From the start, he commanded attention with his voice. In contrast to Hank Williams' nervy drawl or Johnny Cash's rough-hewn, colloquial way of sharing predicaments, Haggard began with an impossibly beautiful voice. His brandy-toned, barroom plea could glide up a scale fluidly, without any discernible steps; it was a prodigy's feat, like Frank Sinatra's young mellifluence or Jim Reeves' plaintive Western croon.
Haggard's voice yielded hard truths – songs about hearts lost in alcohol's shadow, men who couldn't find honest support and lived outside the law. Though his audience didn't know it for years, he was often singing about himself. Of all the country artists who bore or brandished an outlaw image, Haggard had come up against that life, and paid for it. That authenticity helped make him one of the most revered singers and songwriters that country music ever delivered. By the end of his life, 38 of his albums appeared on Billboard's country-music top 10 charts; more than a dozen made it to Number One. He also had 38 Number One singles. Hits like "Branded Man," "Sing Me Back Home," "Mama Tried" – about lives forfeited in punishment or desperation – found their way into Americans' conscience. Some, though – most famously, "Okie From Muskogee" – kindled the worst instincts of the nation's temperament and fears.

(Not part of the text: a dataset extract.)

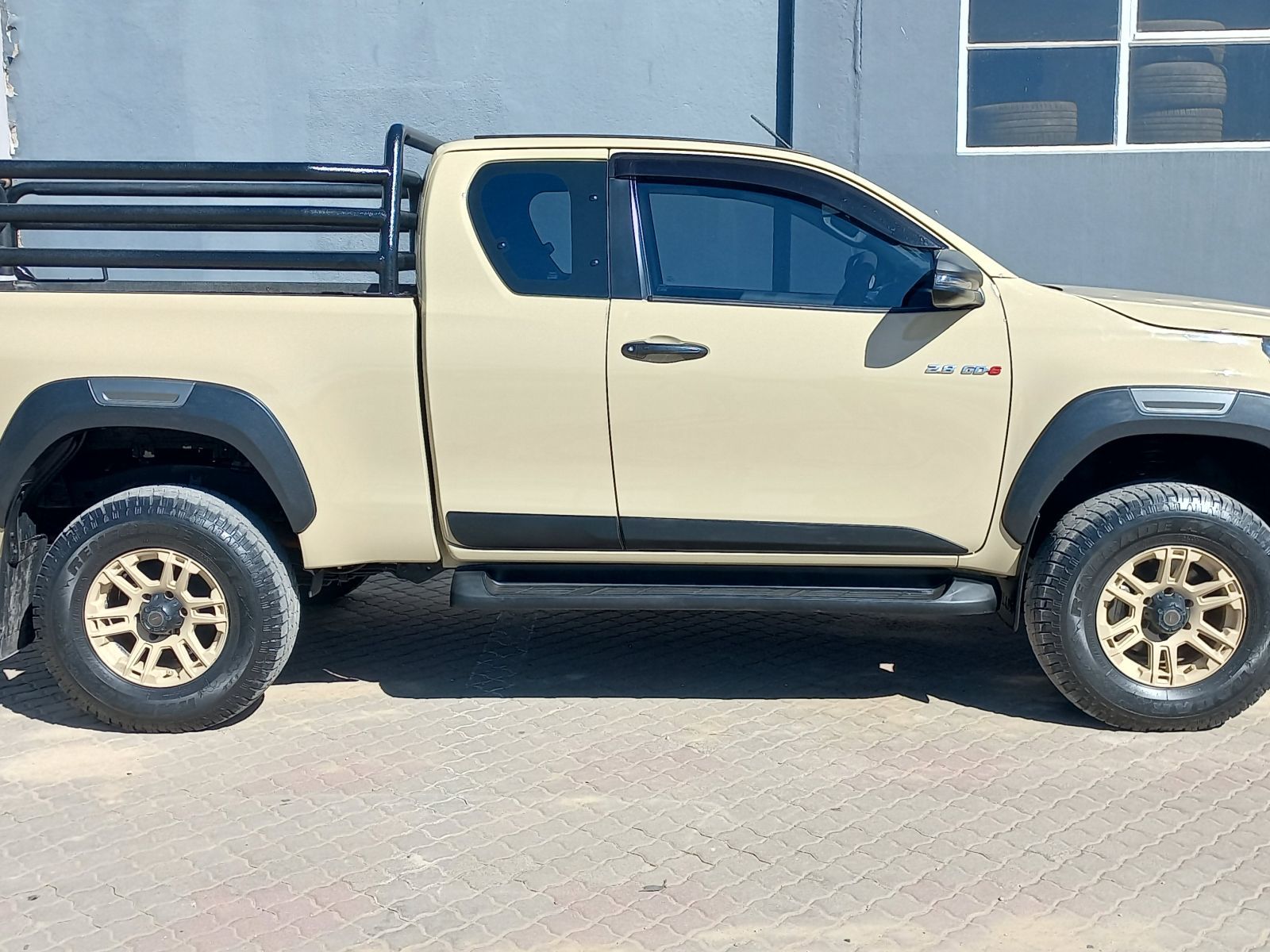 2022 Toyota Hilux photo 4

Watch Merle Haggard perform the politically-charged song 'Okie From Muskogee.'
Over the course of the years, Haggard went from being a voice of the heartbroken and displaced to inciting reactionaries and flag-wavers, to becoming a dissenter himself, both politically and artistically. He'd arrive at truths – or at love – only to question those verities. He could even seem diffident about his voice, perhaps country's greatest vocal instrument. He rested on nothing; he knew a deeper rest and certainty were coming.

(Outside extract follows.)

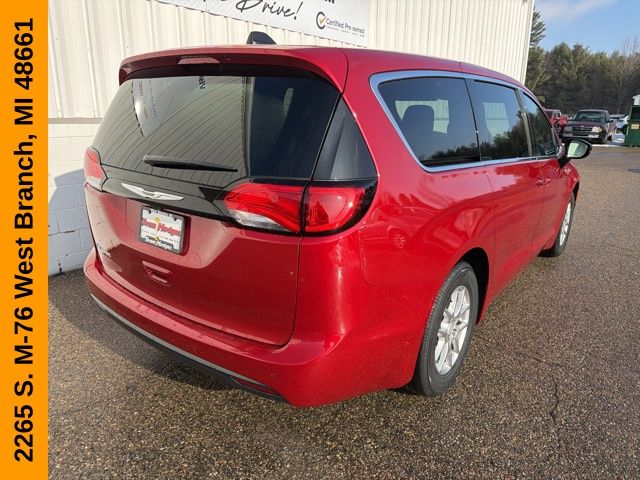 2026 Chrysler Voyager LX - Photo 9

"There is a restlessness in my soul," he once said, "that I've never conquered, not with motion, marriages or meaning... [It's] still there to a degree. And it will be till the day I die."
In the late 1960s, Merle Haggard famously declared himself an Okie from Muskogee. He meant it as a way of identifying with, and standing for, endangered values, as America was in a social ferment that divided generations, regions, political convictions and ways of living. New things were in the air – drug use and youth revolt. The audience Haggard was speaking to saw this change as a threat, as an alien incursion that filled the streets and headlines, that derided patriotism and long-held common notions of decency. Haggard's imagery seemed hackneyed – "We still wave Old Glory down at the courthouse" – but it spoke powerfully and immediately to people who felt under attack.

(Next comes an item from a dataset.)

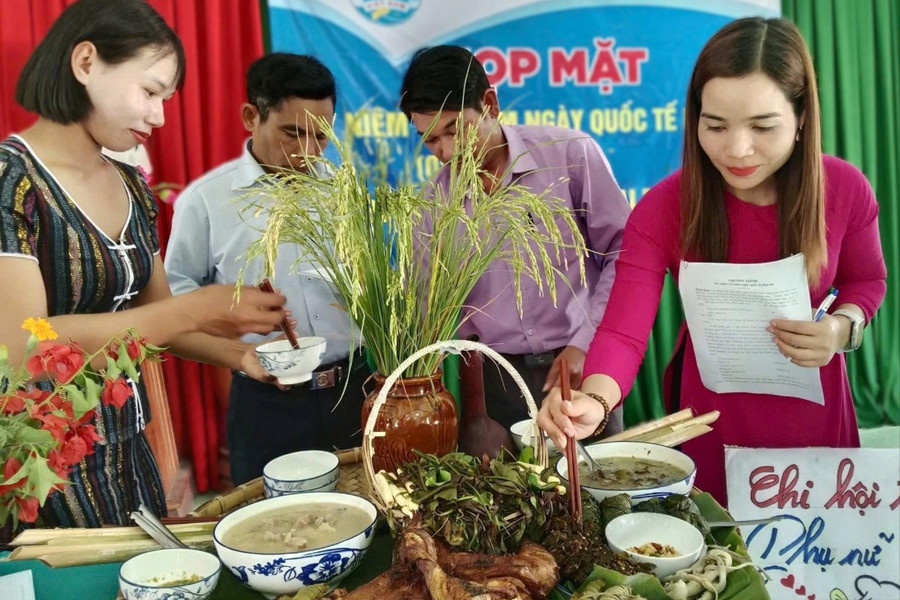 Lá bép - hương vị núi rừng trong bữa cơm đồng bào K’ho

Haggard must have known, though, that when he invoked the word "Okie," he was also summoning a history of people who had themselves been seen as a peril, an invading populace: the Dust Bowl refugees from Oklahoma, Texas, Arkansas, Missouri and other parts of the Southern Plains who had fled the ruin of the Great Depression in the 1930s. They were all called Okies when they flooded into the western United States – a place that wanted no part of them. The disdain and occasional violence they met with was dramatized by John Steinbeck in his novel The Grapes of Wrath.
Haggard was a part of that heritage, though his family never saw themselves as people in flight. His parents ran a successful-enough farm around Checotah, Oklahoma, 25 miles south of Muskogee, but after a mysterious fire – suspected as arson – destroyed their barn, they moved with their two children, Lowell and Lillian, to the Bakersfield region of Southern California. The Haggards, like other Okie emigrants, weren't welcome in Bakersfield itself. Instead, they located in a migrant settlement, Oildale, near the Kern River – not in a shantytown, but in a railroad boxcar that James adapted into a mobile home. Merle Haggard was born on April 6th, 1937. "We lived like the Beverly Hillbillies," he once said. His father wasn't sure the family should stay in California, but Flossie wouldn't hear of leaving. "We're not going back to Oklahoma," Merle recalled her telling his father, in the singer's first autobiography, 1981's Sing Me Back Home. "We're not goin' to lose all we've worked for – might as well get this travelin' out of your head."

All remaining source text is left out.